This quarterly update will supplement the annual financial update specified in clause (C). The department will review and verify the submitted information to ensure that it is up-to-date and accurate. On the basis on the submitted information, if the commissioner finds that the permittee no longer meets the restricted waste financial test requirements, the permittee shall provide alternate financial assurance in accordance with this rule.
(6) The local government financial test option, including the following:
(A) This financial test is only available for permittees that are local governments.
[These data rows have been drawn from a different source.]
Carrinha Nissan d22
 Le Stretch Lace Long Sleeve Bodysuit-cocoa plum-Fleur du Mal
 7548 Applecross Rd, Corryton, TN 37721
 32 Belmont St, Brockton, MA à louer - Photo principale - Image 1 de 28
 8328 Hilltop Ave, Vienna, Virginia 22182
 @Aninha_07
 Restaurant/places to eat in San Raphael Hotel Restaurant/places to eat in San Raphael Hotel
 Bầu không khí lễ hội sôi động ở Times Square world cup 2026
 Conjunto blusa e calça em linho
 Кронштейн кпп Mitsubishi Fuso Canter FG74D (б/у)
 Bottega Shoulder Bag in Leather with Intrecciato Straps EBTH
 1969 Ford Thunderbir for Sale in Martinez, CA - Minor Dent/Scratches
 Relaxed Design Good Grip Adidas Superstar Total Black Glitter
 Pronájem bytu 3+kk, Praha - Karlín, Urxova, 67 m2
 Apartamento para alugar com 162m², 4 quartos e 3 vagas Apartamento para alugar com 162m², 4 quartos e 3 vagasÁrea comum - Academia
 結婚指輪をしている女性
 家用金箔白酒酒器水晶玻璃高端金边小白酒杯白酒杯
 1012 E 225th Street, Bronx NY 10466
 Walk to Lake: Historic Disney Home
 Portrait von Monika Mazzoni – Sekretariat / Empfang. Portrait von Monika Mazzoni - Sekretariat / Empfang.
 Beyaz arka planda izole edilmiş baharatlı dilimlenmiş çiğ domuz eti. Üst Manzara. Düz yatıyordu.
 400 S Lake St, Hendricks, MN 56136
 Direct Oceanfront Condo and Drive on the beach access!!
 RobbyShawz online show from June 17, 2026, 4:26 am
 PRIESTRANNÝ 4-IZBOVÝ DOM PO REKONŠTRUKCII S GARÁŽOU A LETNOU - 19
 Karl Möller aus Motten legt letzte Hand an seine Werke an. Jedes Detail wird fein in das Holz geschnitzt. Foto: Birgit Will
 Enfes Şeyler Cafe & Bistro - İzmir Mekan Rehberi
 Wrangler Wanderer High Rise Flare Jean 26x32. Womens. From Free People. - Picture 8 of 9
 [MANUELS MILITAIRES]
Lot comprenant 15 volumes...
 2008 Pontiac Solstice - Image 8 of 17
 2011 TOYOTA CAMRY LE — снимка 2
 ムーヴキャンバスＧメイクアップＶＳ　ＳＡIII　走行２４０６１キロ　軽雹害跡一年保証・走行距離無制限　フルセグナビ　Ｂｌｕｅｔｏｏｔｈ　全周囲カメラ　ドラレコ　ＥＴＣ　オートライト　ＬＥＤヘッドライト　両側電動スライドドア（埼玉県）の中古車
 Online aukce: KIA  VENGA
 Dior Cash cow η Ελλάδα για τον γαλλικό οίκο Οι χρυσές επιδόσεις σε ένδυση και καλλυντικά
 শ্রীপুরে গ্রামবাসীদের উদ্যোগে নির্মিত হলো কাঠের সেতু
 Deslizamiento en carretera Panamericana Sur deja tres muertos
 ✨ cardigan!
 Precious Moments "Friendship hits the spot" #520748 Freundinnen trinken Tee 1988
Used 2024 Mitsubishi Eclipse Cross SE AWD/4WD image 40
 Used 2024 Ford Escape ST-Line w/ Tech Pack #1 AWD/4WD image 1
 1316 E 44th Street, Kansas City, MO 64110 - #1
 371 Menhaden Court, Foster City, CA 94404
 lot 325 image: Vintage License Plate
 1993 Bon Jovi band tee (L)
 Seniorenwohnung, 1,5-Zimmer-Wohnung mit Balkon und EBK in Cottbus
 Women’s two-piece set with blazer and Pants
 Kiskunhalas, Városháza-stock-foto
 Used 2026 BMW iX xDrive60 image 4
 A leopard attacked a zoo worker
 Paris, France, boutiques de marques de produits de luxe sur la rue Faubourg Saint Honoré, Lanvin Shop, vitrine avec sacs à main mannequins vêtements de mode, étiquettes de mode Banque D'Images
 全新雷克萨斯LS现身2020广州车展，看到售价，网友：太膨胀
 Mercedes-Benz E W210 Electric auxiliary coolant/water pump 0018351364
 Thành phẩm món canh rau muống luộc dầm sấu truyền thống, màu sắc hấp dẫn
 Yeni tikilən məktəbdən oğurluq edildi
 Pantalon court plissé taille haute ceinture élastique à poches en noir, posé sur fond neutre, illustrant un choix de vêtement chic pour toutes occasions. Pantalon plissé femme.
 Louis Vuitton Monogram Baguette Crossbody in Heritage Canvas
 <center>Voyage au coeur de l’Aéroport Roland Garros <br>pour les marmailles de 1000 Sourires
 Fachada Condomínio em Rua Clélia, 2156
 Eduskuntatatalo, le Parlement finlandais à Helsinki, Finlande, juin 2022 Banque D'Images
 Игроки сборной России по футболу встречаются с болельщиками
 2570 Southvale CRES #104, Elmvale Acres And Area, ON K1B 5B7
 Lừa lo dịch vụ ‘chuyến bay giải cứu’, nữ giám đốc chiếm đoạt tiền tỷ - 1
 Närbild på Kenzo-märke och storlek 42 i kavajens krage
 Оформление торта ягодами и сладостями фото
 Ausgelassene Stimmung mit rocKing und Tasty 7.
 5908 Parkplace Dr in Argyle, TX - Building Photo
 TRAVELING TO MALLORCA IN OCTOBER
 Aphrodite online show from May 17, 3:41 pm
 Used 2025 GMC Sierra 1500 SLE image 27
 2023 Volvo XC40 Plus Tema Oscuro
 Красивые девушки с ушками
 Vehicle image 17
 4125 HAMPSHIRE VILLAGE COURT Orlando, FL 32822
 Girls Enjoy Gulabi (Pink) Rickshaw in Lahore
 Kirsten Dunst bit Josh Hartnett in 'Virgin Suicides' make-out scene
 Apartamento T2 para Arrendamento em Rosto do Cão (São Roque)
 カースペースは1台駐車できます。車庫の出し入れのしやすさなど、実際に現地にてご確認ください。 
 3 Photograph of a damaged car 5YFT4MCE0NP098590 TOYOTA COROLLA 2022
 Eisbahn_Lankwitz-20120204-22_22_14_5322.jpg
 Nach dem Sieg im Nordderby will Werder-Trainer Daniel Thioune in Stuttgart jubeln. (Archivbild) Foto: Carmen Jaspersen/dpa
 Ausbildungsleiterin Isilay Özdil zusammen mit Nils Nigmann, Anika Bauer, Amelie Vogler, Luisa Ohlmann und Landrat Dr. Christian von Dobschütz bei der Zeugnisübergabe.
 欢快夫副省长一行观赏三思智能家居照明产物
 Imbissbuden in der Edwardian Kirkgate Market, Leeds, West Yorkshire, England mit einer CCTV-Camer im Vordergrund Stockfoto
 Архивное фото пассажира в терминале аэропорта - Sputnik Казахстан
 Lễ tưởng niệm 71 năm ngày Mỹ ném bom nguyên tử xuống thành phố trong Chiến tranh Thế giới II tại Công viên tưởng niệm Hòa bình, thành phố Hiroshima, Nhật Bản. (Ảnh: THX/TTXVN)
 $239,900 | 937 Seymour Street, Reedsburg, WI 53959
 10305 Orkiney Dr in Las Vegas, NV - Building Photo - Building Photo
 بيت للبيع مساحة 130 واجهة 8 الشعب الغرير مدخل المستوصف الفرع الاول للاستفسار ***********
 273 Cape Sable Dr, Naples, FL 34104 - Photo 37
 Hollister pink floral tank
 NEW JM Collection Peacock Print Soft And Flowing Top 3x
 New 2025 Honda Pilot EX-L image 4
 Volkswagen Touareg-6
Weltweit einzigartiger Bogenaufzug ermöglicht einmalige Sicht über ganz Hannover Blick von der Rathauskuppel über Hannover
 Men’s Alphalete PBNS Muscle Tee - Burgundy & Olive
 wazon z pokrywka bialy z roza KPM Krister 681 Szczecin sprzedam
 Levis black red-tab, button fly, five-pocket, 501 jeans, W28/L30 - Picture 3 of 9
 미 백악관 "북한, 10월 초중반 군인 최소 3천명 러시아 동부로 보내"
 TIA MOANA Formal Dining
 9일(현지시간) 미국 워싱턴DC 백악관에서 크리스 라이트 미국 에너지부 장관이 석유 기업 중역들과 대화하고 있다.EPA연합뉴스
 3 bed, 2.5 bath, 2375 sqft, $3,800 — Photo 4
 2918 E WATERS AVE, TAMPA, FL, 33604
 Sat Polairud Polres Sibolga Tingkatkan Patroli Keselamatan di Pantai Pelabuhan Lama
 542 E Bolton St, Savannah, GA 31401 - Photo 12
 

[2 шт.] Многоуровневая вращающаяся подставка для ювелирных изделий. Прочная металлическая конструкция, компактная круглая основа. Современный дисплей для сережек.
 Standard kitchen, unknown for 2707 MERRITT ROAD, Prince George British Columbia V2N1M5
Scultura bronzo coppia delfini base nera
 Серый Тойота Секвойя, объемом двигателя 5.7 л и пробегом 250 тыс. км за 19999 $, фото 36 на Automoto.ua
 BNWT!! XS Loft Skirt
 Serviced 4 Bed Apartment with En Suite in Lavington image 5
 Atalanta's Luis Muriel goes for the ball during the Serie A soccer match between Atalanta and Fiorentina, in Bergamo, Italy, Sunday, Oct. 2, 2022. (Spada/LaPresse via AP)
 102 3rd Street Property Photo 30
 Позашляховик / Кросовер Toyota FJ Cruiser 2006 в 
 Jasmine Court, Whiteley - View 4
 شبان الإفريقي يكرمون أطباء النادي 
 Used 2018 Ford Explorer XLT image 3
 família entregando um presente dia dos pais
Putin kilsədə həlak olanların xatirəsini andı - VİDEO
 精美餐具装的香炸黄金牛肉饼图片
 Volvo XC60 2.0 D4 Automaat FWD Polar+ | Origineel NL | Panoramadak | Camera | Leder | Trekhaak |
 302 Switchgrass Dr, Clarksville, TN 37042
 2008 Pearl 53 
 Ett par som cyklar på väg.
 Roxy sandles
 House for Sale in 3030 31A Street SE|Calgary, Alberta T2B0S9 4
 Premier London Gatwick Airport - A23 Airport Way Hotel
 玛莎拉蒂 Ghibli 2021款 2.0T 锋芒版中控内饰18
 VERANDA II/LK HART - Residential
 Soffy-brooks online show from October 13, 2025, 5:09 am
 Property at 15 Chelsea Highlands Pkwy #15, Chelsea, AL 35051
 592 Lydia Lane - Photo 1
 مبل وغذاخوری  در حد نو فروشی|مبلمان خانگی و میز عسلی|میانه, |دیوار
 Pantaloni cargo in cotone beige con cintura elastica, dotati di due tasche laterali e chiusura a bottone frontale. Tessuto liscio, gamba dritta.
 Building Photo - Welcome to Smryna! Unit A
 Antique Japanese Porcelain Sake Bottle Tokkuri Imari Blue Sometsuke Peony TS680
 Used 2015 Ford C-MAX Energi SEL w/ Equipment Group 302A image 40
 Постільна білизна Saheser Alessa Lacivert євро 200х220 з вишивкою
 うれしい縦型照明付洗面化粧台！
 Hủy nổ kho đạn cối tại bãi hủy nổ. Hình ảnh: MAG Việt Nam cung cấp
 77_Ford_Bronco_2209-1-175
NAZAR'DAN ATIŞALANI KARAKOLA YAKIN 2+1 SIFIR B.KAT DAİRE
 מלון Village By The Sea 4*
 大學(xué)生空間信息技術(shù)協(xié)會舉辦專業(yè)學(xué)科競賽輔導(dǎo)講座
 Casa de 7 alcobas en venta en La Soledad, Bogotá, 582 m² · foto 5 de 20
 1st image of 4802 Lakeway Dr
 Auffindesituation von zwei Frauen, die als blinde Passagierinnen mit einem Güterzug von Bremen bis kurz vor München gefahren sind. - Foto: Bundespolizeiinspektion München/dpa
As used in this subdivision, "local government" means a county, municipality, township, or solid waste management district.
(B) A local government permittee that satisfies the following requirements may demonstrate financial assurance up to the amount specified in clause (C):
(i) The local government permittee shall meet the following financial component requirements:
(AA) The local government permittee shall satisfy either of the following as applicable:
(aa) If the local government permittee has outstanding, rated general obligation bonds that are not secured by insurance, a letter-of-credit, or other collateral or guarantee, the local government permittee shall have a current rating of:
(1) Aaa, Aa, A, or Baa as issued by Moody's; or
(2) AAA, AA, A, or BBB as issued by Standard and Poor's;
on all the general obligation bonds.
(bb) The local government permittee shall satisfy the following financial ratios based on the local government permittee's most recent audited annual financial statement:
(1) A ratio of cash plus marketable securities to total expenditures greater than or equal to five-hundredths (0.05).
(2) A ratio of annual debt service to total expenditures less than or equal to two-tenths (0.20).
(BB) The local government permittee shall:
(aa) prepare the local government permittee's financial statements in conformity with generally accepted accounting principles (GAAP) for governments; and
(bb) have the financial statements audited by an independent certified public accountant or the state board of accounts.
(CC) A local government permittee is not eligible to assure the local government permittee's obligations under this subdivision if any of the following applies to the local government permittee:
(aa) The local government permittee is currently in default on any outstanding general obligation bonds.
(bb) The local government permittee has any outstanding general obligation bonds rated lower than Baa as issued by Moody's or BBB as issued by Standard and Poor's.
(cc) The local government permittee has operated at a deficit equal to five percent (5%) or more of total annual revenue in each of the past two (2) fiscal years.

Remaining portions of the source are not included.